Intensity: The intensity of the lights is measured in percentages, and it
is normally recorded on to the computer when the cues are entered.The intensity
is first given to the lighting designer by the director on paper in the preliminary
cue sheet. If any of these percentages dont look good, they may be adjusted
in the cue to cue rehearsal.
Time: The amount of time that each cue takes in fading in and out is also
an important element of design; for instance, an abrupt fade out causes a
very different impression in the audience than a fade out that takes five
seconds.
Type of lights: In a theater like the Statler Auditorium, there are three
types of lights:
1-) stage lights
2-) house lights (lights in the audience)
3-) conference lights, which light the area in front of the stage curtain.
A. Duties of the lighting designer:
Meet with the director and discuss the general concept for the play.
If you think that additional lights/ equipment needs to be rented due
to special circumstances, it may be ordered from Cornell Productions. The
information to contact this group is provided in the general contact sheet
in the production section of this packet.

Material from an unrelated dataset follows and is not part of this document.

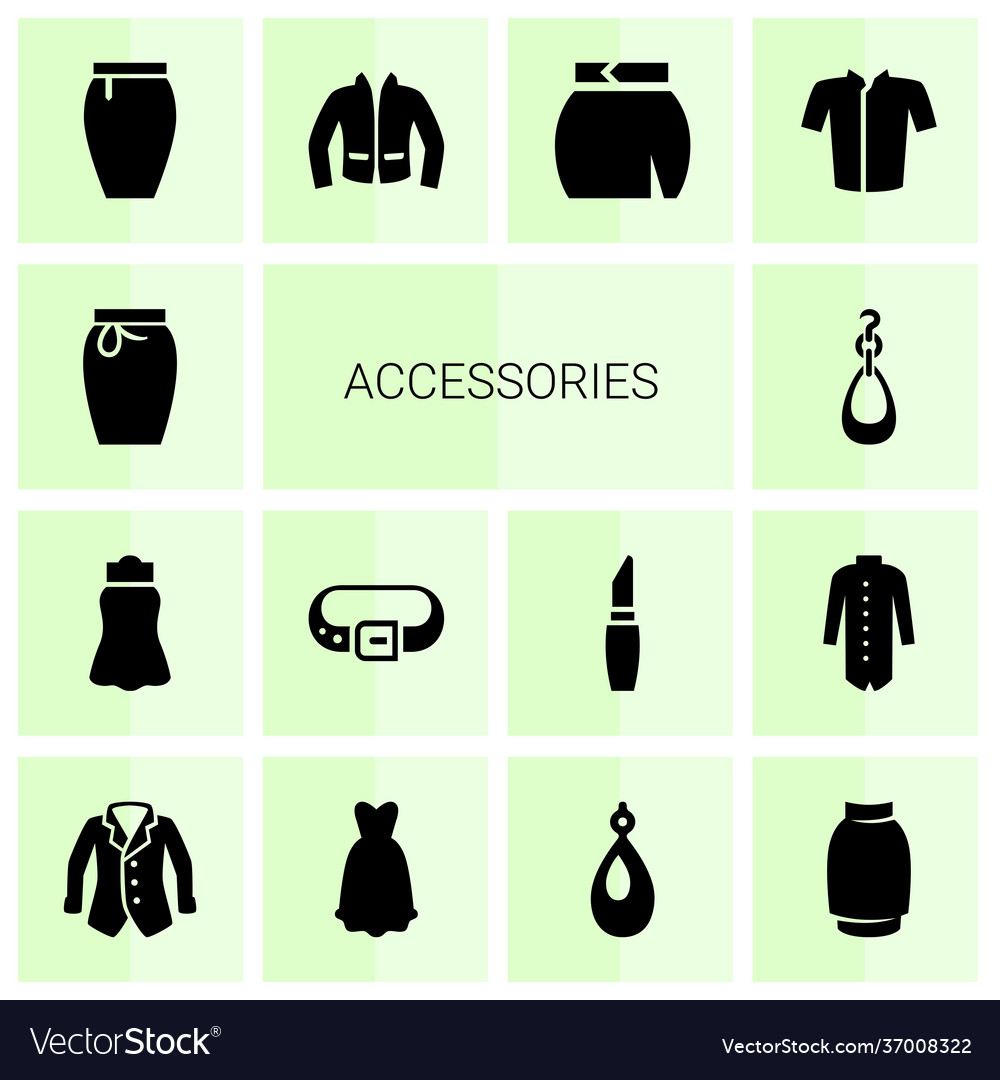 Accessories icons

Attend rehearsals and be familiarized with the staging of the play.
Two or three weeks before the performance, the director will provide
the lighting designer with a ground plan of the set along with a design on
paper of the way he/she would like the lighting design to be. The easiest
way to design lights on paper is by allocating a letter to each of the areas
in the ground plan (see attached ground plan). Each of these areas named by
a letter is called a plot.
On the preliminary cue sheet that the director will hand in to the
designer, the cues will be identified by a number i.e. cue #5 (to differentiate
them from the letters for the sound cues). The cues should be numbered using
the multiples of 5, leaving plenty of free numbers between them in case any
other cues need to be added later on.
On the paper design cue sheet, the director will indicate which plots
need to be lit for each specific cue. In addition to this the intensity, color,
time, page number in the text, and cue from the actors must also be specified
in this chart. The lighting designer must have studied this information before
rehearsals in the theater begin. Time in the theater is very limited, and
therefore it needs to be used wisely.
Rehearsals in the theater:
The first rehearsal in the theater is a spacing rehearsal. While the
set designer accommodates the set to the new space, and the actors get used
to these changes, the designer is in charge of studying the lightboard and
learning how to use it.
The next step is to determine which lights will be useful for the purposes
of the staging. The individual lights are connected on to the computer by
means of channels which vary in terms of intensity and may control more than
one light at a time.
Each light has a number. More than one light can be assigned to one
channel. This is called patching. Patching is very useful when
more than one light is needed to illuminate a plot.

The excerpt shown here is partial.